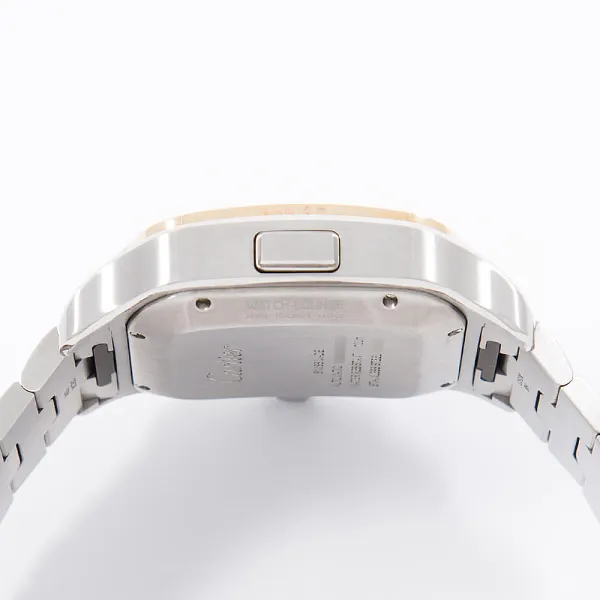 13349_watchlounge_lo.jpg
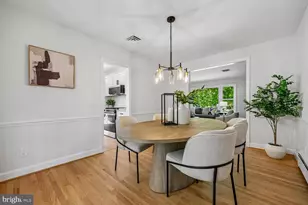 9915 Wildwood Rd, Kensington, MD 20895 - Photo 19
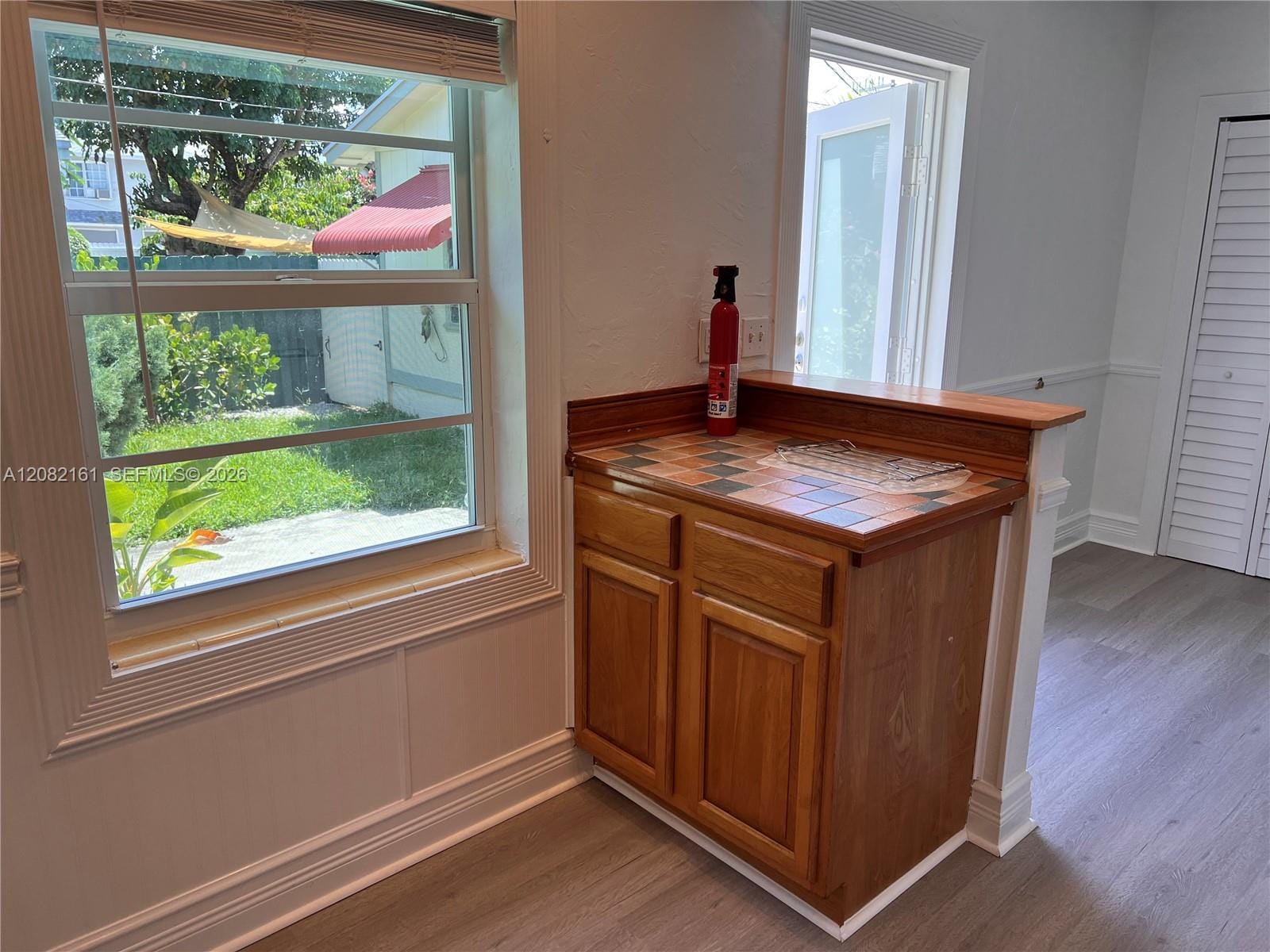 223 S J Street 2, Lake Worth, FL 33460 photo 7
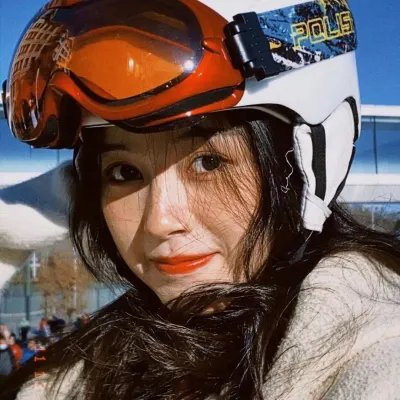 爱在巴黎破晓时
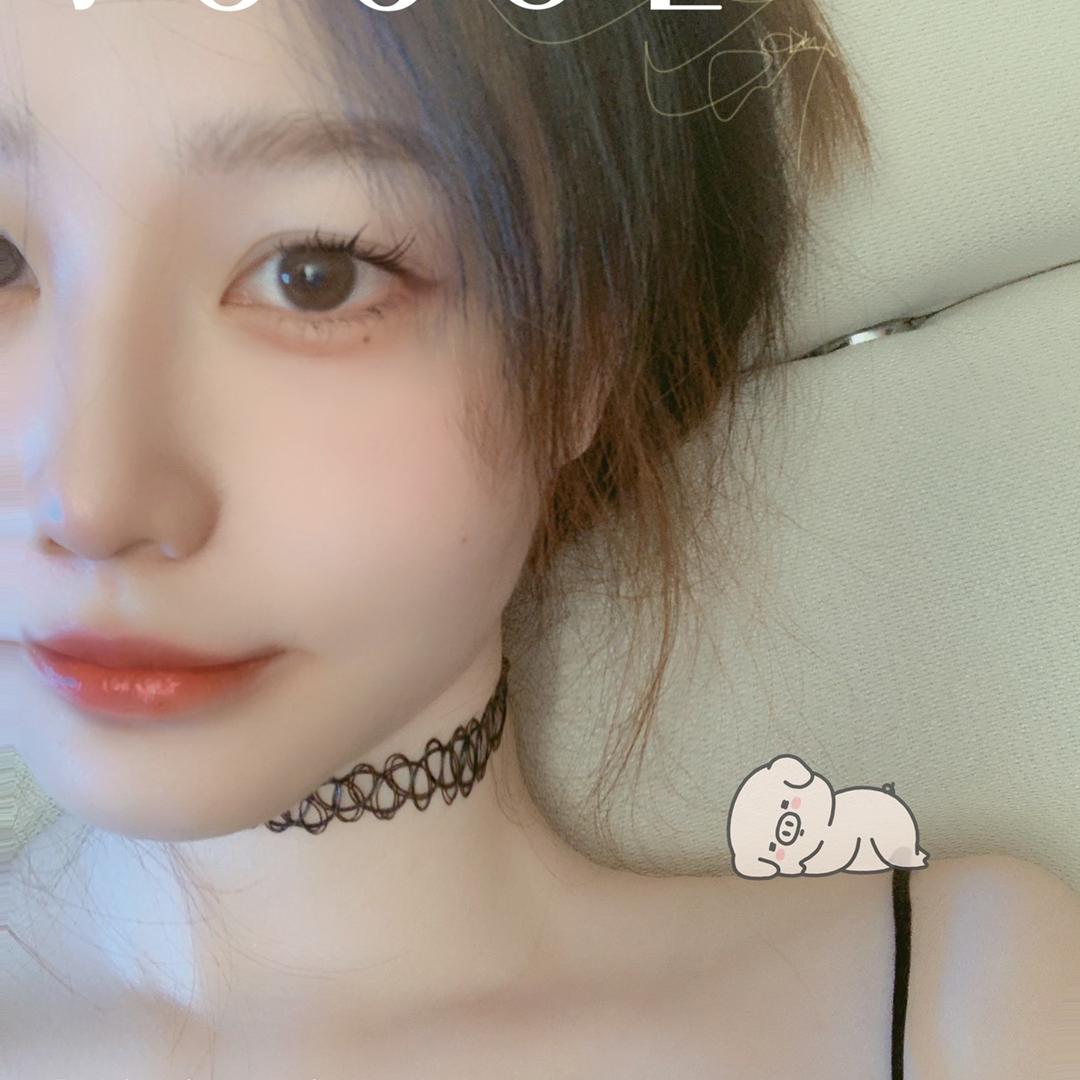 卡卡君99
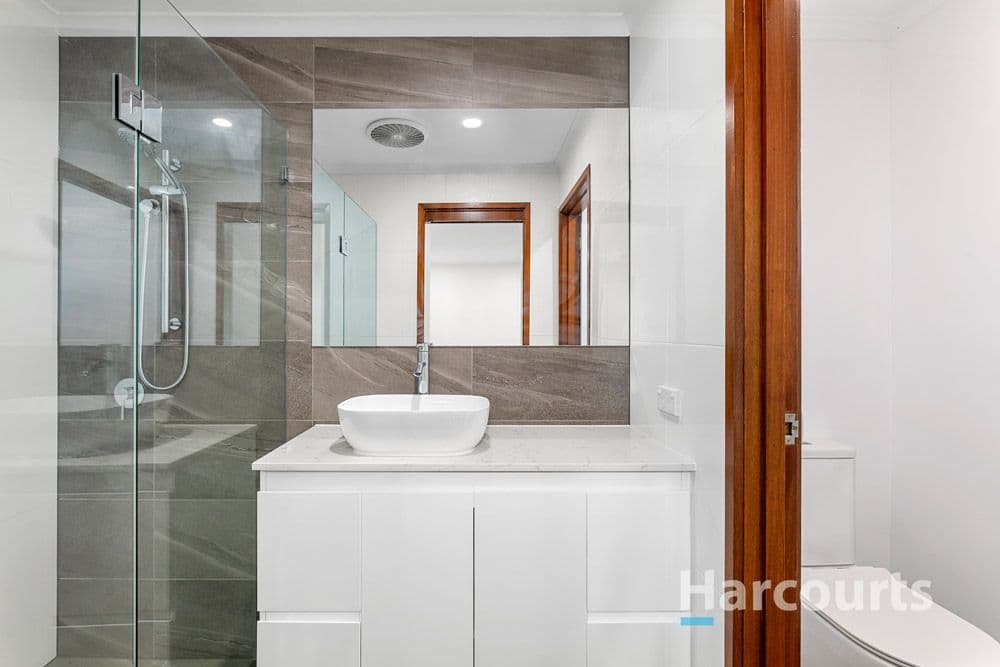 250 Huntingdale Road, HUNTINGDALE, VIC 3166, Huntingdale - Thumbnail 8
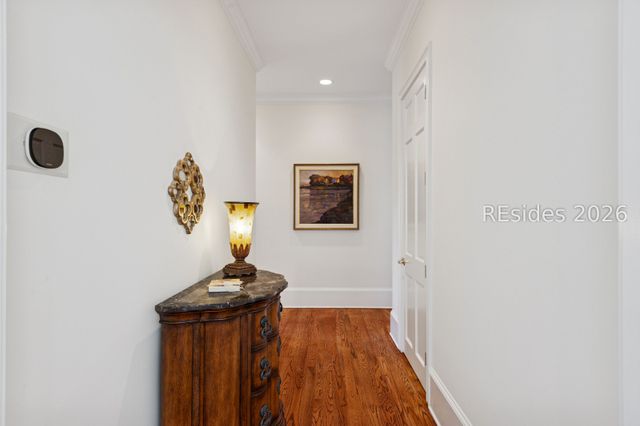 7 Mulberry Rd, Bluffton, SC 29910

→ **Task statement**: Give the entries again, exactly and in full, with no image included.

→ **Response to this task**:
 13349_watchlounge_lo.jpg
 9915 Wildwood Rd, Kensington, MD 20895 - Photo 19
 223 S J Street 2, Lake Worth, FL 33460 photo 7
 爱在巴黎破晓时
 卡卡君99
 250 Huntingdale Road, HUNTINGDALE, VIC 3166, Huntingdale - Thumbnail 8
 7 Mulberry Rd, Bluffton, SC 29910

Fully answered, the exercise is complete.